# [What you should do]
Please retype every record exactly as it appears, omitting the pictures.

# [Exercise material]
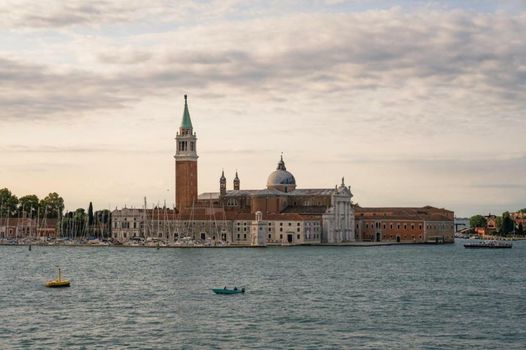 Danieli, Venezia, A Four Seasons Hotel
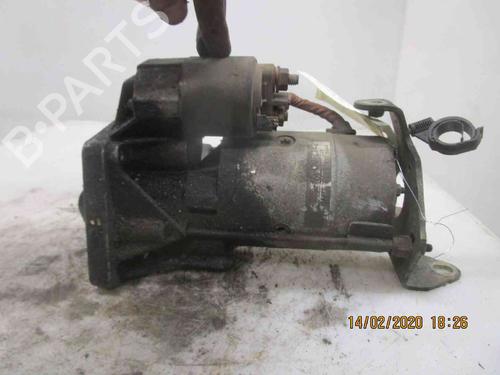 Starter RENAULT LAGUNA I (B56_, 556_) 2.2 D (B56F/2) | BP24008058M8 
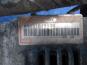   MITSUBISHI FUSO CANTER-06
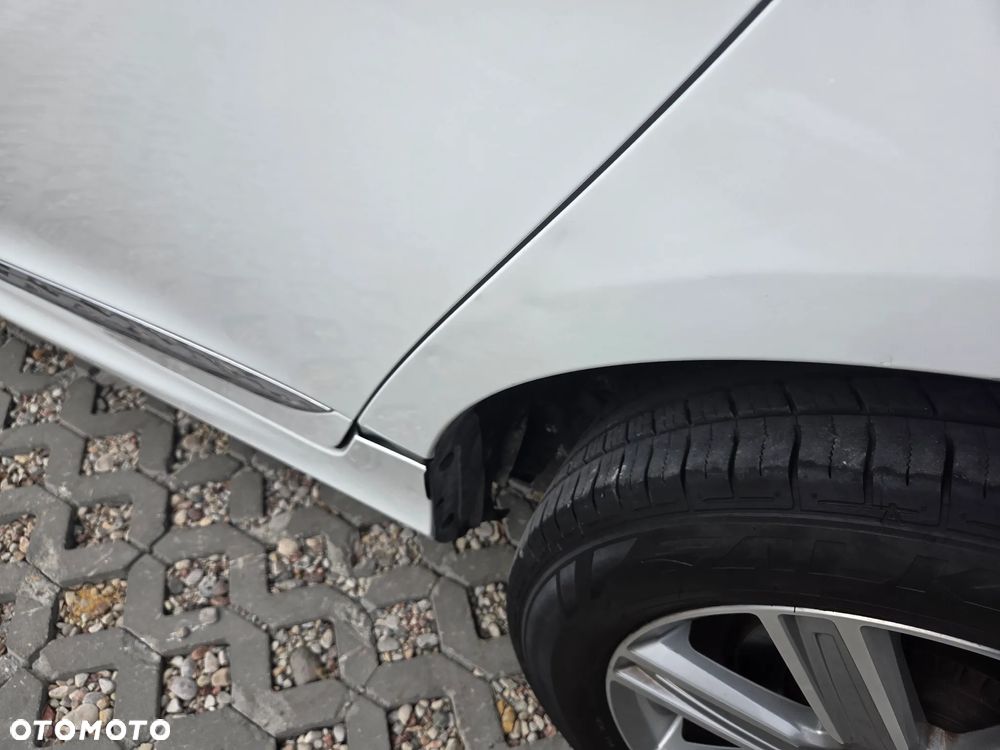 Volvo XC 60 T5 Drive-E Momentum - 22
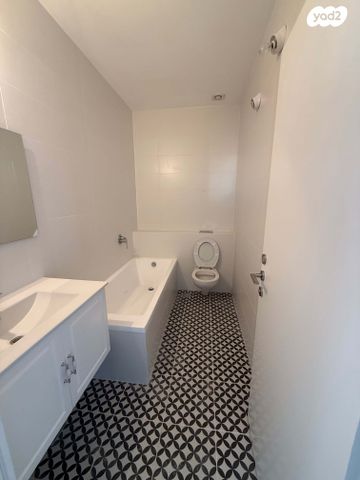 דירה, מרכז דרום, רעננה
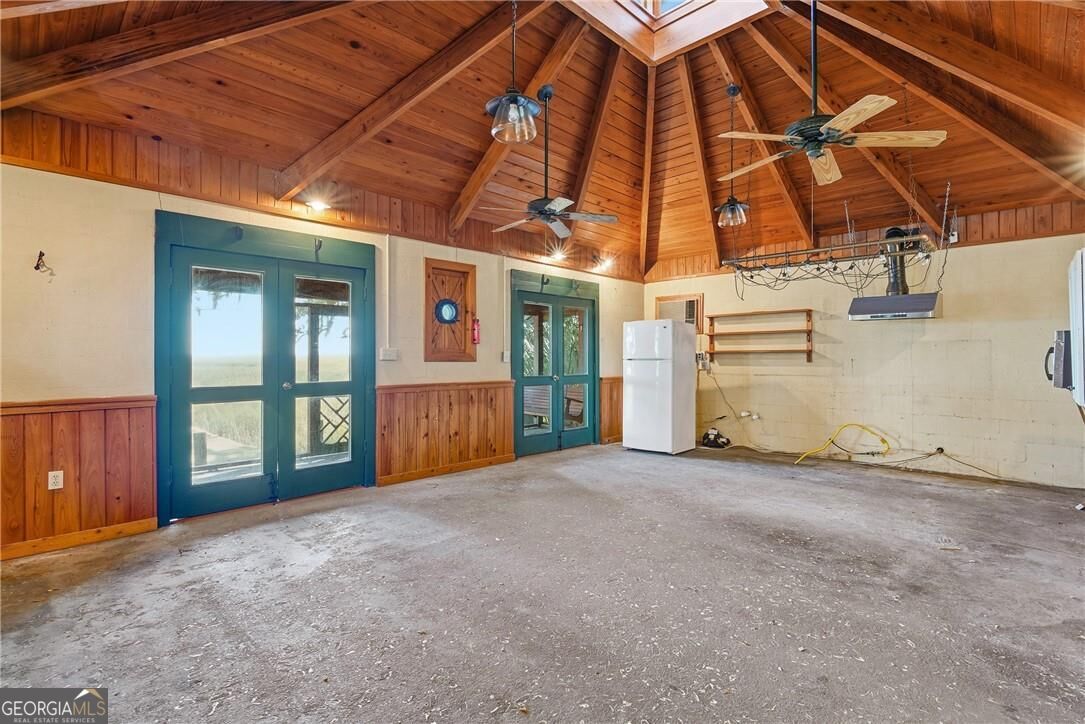 245 Youmans Road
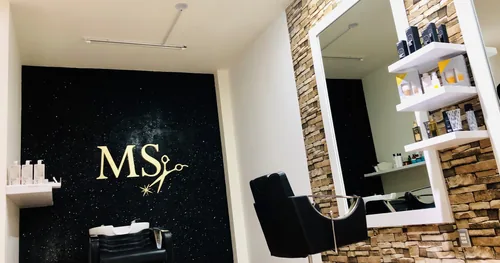 Merak Salon, negocios en Corregidora, Querétaro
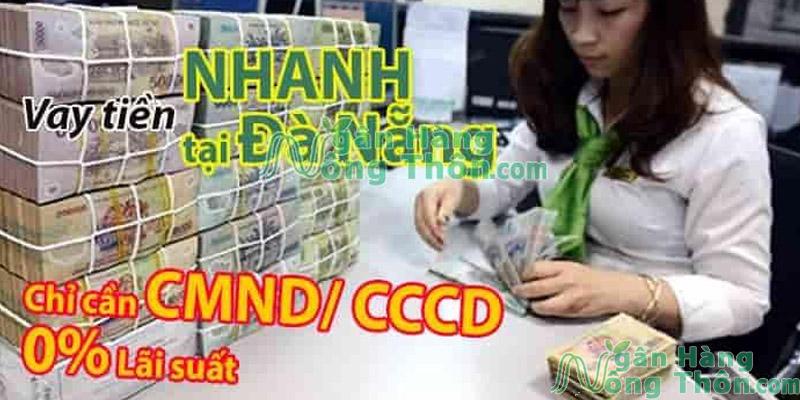 Top các địa chỉ bốc tiền nóng tư nhân Đà Nẵng duyệt ngay 2024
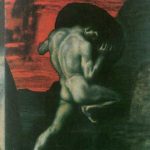 3 Mitos de Hades curiosos | Leyendas del dios del inframundo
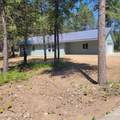 169 Danny Ln - Photo 2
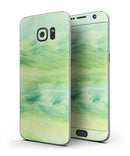 Green_321_Absorbed_Watercolor_Texture_-_Galaxy_S7_Edge_-_V3.jpg?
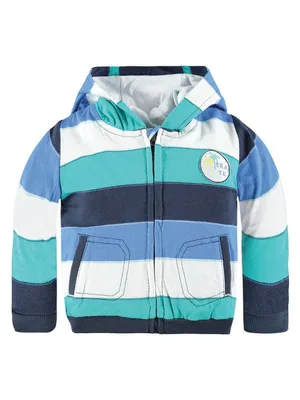 Produktbild von Bluse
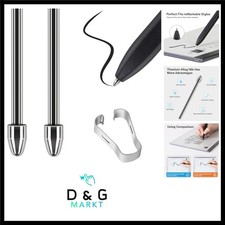 Stiftspitzen für Remarkable 2 Paper Tablet Marker Plus Stylus – langlebige Er...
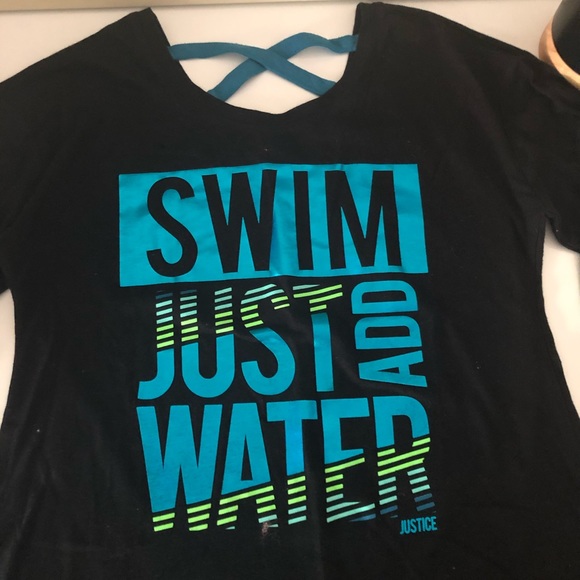 Shirt - Picture 2 of 2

# [Your response]
 Danieli, Venezia, A Four Seasons Hotel
 Starter RENAULT LAGUNA I (B56_, 556_) 2.2 D (B56F/2) | BP24008058M8 
   MITSUBISHI FUSO CANTER-06
 Volvo XC 60 T5 Drive-E Momentum - 22
 דירה, מרכז דרום, רעננה
 245 Youmans Road
 Merak Salon, negocios en Corregidora, Querétaro
 Top các địa chỉ bốc tiền nóng tư nhân Đà Nẵng duyệt ngay 2024
 3 Mitos de Hades curiosos | Leyendas del dios del inframundo
 169 Danny Ln - Photo 2
 Green_321_Absorbed_Watercolor_Texture_-_Galaxy_S7_Edge_-_V3.jpg?
 Produktbild von Bluse
 Stiftspitzen für Remarkable 2 Paper Tablet Marker Plus Stylus – langlebige Er...
 Shirt - Picture 2 of 2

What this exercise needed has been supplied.